### [EXERCISE INSTRUCTIONS]
Reproduce only what runs from the line containing "Interlocking gears turning" to the line containing "A glowing neon" in the records below, inclusive. Keep it exact, and keep the pictures out.

### [MATERIALS PROVIDED]
== Segment start ==
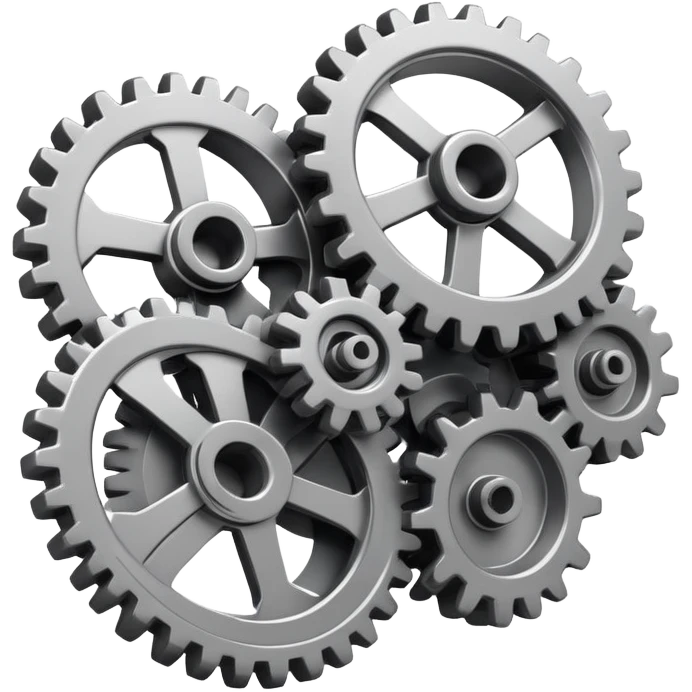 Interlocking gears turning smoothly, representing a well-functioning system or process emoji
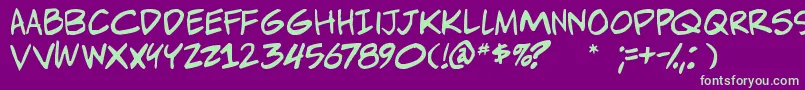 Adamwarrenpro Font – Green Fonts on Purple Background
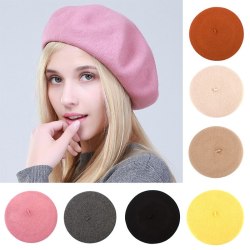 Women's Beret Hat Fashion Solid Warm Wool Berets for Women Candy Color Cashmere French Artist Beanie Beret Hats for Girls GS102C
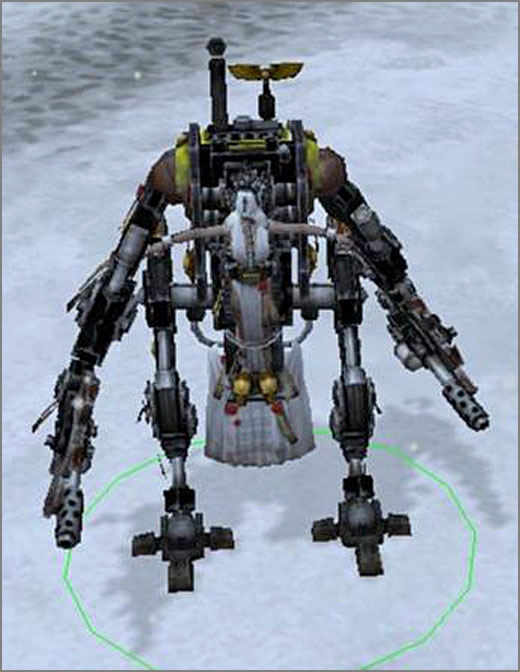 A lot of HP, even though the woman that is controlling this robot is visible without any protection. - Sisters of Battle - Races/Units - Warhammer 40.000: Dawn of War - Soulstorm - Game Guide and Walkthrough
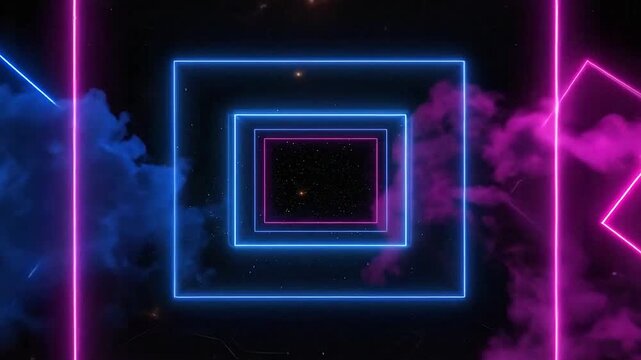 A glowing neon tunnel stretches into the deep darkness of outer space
== Segment end ==
== Segment start ==
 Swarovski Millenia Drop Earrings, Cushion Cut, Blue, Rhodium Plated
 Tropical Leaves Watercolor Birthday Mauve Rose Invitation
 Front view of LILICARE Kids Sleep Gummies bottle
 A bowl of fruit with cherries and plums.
== Segment end ==
### [SOLUTION FOR THIS EXERCISE]
 Interlocking gears turning smoothly, representing a well-functioning system or process emoji
 Adamwarrenpro Font – Green Fonts on Purple Background
 Women's Beret Hat Fashion Solid Warm Wool Berets for Women Candy Color Cashmere French Artist Beanie Beret Hats for Girls GS102C
 A lot of HP, even though the woman that is controlling this robot is visible without any protection. - Sisters of Battle - Races/Units - Warhammer 40.000: Dawn of War - Soulstorm - Game Guide and Walkthrough
 A glowing neon tunnel stretches into the deep darkness of outer space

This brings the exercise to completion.